Jodie is the younger of two girls and is close to her family, although she reports she and her sister are totally different and don't have much in common. She describes herself as an overachiever who not only did well at school but excelled in a number of extra-curricular activities at the same time, including the debating team, violin lessons, and representing her school in both hockey and track and field.
After leaving school she married at age 23 and she and her husband moved away from their families due to her husband's work. Jodie applied to the local university to study law and was accepted, but could only study part-time due to the need to support her husband's income while they saved for a house deposit. Jodie spent many years studying part-time while working, and during this time she and her husband took on a large mortgage and had two children.
After her graduation and returning to the city where their families lived, Jodie had another child and continued to work part-time. She says her husband suggested she stop work while the children were young but she did not feel she would be able to stay at home full-time as she had always worked. She says they did have a lot of support with the children from both families.
Jodie's youngest child Isabel, who is now 12, has always displayed high levels of anxiety and struggles with change of any kind. This has made her relationship with the older children difficult as they have limited patience with her. Isabel has recently been diagnosed with a learning disorder and is receiving treatment for this.
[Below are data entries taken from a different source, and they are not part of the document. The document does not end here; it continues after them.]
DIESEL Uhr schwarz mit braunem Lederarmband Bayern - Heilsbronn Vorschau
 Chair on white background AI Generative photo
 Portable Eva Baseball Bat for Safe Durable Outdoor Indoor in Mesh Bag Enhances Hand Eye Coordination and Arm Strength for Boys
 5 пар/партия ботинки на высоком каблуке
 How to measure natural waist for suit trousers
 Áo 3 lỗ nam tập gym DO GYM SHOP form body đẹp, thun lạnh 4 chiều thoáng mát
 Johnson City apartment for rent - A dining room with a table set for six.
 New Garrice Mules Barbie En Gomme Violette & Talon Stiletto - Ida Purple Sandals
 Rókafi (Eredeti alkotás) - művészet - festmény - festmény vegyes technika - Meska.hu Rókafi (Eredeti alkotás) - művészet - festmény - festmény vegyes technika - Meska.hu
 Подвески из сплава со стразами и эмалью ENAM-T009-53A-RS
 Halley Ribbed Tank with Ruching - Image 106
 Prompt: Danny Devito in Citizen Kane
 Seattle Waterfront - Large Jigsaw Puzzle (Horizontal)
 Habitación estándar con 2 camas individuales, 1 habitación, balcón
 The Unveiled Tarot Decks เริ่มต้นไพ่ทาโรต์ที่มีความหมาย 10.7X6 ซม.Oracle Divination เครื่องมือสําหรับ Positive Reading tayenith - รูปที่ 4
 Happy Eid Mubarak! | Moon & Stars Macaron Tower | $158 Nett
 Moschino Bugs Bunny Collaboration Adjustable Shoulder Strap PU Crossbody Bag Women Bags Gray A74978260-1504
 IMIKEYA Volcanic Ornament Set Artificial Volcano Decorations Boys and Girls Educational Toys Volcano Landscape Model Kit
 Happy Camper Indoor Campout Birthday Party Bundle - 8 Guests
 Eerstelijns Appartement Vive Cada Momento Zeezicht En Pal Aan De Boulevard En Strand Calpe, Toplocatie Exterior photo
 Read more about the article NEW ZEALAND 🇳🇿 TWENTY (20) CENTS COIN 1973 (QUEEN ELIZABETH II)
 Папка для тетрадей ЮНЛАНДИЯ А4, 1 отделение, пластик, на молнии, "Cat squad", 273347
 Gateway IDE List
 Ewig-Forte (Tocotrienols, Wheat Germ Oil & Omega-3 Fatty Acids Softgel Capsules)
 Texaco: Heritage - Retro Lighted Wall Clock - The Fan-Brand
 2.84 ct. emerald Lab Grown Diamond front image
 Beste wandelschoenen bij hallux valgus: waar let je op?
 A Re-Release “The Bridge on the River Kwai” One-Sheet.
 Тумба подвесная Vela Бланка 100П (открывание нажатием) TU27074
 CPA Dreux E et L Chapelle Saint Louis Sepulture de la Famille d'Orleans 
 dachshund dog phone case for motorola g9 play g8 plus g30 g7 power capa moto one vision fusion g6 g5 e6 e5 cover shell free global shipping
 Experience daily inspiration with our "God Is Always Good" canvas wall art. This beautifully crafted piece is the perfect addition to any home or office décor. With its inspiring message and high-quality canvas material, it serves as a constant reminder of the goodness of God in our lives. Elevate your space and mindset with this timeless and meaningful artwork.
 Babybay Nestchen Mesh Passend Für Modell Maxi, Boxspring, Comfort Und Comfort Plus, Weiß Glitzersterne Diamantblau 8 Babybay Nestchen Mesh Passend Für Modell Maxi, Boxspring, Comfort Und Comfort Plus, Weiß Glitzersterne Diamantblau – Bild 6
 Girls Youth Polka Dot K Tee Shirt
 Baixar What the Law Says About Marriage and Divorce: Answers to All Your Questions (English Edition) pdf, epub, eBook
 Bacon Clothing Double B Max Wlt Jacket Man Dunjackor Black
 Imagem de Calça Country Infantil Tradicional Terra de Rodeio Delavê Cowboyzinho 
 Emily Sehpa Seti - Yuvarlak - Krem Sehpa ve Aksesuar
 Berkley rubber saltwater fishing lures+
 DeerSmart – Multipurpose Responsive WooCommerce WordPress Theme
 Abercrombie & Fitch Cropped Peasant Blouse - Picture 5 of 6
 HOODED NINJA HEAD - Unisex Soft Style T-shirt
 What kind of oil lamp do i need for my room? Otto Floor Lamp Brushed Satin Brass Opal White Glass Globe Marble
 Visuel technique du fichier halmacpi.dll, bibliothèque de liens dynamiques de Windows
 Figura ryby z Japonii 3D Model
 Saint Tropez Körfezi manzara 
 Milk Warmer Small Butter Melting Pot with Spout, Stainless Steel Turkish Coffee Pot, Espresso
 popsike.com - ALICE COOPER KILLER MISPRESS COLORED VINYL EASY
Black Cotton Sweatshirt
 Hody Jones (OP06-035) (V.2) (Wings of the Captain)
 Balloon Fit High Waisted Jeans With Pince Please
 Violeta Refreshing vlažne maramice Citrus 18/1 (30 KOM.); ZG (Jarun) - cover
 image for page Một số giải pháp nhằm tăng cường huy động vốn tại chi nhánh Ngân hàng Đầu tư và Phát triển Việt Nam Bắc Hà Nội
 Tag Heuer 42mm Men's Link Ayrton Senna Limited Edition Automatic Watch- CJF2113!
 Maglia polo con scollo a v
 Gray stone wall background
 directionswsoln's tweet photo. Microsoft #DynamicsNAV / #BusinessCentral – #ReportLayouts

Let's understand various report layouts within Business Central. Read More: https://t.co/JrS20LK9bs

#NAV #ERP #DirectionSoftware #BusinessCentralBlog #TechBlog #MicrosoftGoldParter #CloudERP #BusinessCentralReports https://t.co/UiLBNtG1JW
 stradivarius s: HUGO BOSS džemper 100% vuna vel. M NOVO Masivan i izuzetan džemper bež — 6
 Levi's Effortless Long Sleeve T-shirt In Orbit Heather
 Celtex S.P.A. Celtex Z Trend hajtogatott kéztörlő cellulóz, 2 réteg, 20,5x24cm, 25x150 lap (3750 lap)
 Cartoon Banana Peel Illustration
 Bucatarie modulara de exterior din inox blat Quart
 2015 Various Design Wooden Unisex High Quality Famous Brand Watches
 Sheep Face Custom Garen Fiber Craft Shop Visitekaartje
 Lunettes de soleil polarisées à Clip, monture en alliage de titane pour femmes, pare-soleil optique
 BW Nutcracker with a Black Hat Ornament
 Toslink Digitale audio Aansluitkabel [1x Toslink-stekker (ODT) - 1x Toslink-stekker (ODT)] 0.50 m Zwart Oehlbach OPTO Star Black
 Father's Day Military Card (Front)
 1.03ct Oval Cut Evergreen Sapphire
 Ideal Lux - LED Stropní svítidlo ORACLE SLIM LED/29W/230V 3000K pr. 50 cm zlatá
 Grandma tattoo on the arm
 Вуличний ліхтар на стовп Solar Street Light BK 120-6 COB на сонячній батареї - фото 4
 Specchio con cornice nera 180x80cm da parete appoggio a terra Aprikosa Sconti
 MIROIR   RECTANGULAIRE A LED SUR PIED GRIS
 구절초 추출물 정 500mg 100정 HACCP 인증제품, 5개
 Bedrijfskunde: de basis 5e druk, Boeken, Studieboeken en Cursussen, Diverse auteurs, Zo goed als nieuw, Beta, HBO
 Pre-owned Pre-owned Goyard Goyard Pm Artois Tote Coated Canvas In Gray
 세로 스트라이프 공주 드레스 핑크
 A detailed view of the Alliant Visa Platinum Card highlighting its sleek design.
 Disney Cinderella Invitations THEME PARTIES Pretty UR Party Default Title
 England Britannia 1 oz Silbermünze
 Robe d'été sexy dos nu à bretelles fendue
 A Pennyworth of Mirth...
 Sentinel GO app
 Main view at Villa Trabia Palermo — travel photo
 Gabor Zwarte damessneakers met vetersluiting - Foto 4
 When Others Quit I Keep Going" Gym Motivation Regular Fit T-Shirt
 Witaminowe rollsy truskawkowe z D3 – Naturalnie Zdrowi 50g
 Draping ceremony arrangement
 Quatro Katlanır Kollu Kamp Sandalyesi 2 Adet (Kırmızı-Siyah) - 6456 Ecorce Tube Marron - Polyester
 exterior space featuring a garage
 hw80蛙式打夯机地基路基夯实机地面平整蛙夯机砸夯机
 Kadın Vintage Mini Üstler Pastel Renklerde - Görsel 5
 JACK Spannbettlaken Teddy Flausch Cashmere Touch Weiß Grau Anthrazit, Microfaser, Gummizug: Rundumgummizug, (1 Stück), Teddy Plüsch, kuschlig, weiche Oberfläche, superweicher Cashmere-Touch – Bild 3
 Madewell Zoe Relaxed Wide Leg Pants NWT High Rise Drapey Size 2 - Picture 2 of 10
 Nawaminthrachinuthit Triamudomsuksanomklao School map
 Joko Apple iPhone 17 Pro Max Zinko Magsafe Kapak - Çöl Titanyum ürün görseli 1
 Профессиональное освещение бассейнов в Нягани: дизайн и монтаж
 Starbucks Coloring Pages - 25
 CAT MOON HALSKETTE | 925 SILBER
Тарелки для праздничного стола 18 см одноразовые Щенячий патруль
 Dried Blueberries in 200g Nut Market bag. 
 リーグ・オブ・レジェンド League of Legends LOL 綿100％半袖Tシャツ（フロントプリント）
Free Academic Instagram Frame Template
At the same time Jodie says her husband has been experiencing bouts of depression because he is unhappy with his work and feels stuck. This has put a strain on their relationship and she feels overwhelmed and helpless at times when she thinks about her husband and daughter's difficulties.
Issues Identified
A therapist's initial role is to develop an understanding of the client and assess the issues of concern that have brought them to counselling so that together the counsellor and client can develop goals and strategies for reaching these goals, and identify any barriers that might hinder the process. In this role, T conducted an assessment of Jodie's environment, beliefs, support network and needs to identify the following issues:
Career indecision – although Jodie enjoys working in the legal industry, she is not happy with the work she is currently doing, but needs to continue in her current position for at least another 8 months to complete her probation.
High levels of stress and fatigue – Jodie has become increasingly fatigued over the last 18 months and although she can see light at the end of the tunnel, she is concerned her health will begin to suffer.
Lack of enjoyable activities – Jodie has no activities or hobbies she does either by herself or with friends and family that give her something to look forward to, as she does not believe she has time for this with the demands of her work and home life.
Concern about family members – Jodie is concerned about the difficulties her husband and youngest daughter are experiencing and the impact this is having on the whole family, and she reports feeling somewhat guilty about not being able to fix these situations.
Counselling Sessions
Following the initial assessment of her concerns, Jodie was presented with the option of using art therapy as a means of exploring the above issues. The structure and format of this process was explained clearly to her so she had a good understanding of what would be involved. Jodie was happy to agree to this and explained she had tried 'talk' therapy before and while she had found it helpful she also felt the results had been limited.
Art therapy is based on the belief that the way in which the creative process allows for self-expression also helps the client to resolve conflicts, develop self-awareness and achieve insight.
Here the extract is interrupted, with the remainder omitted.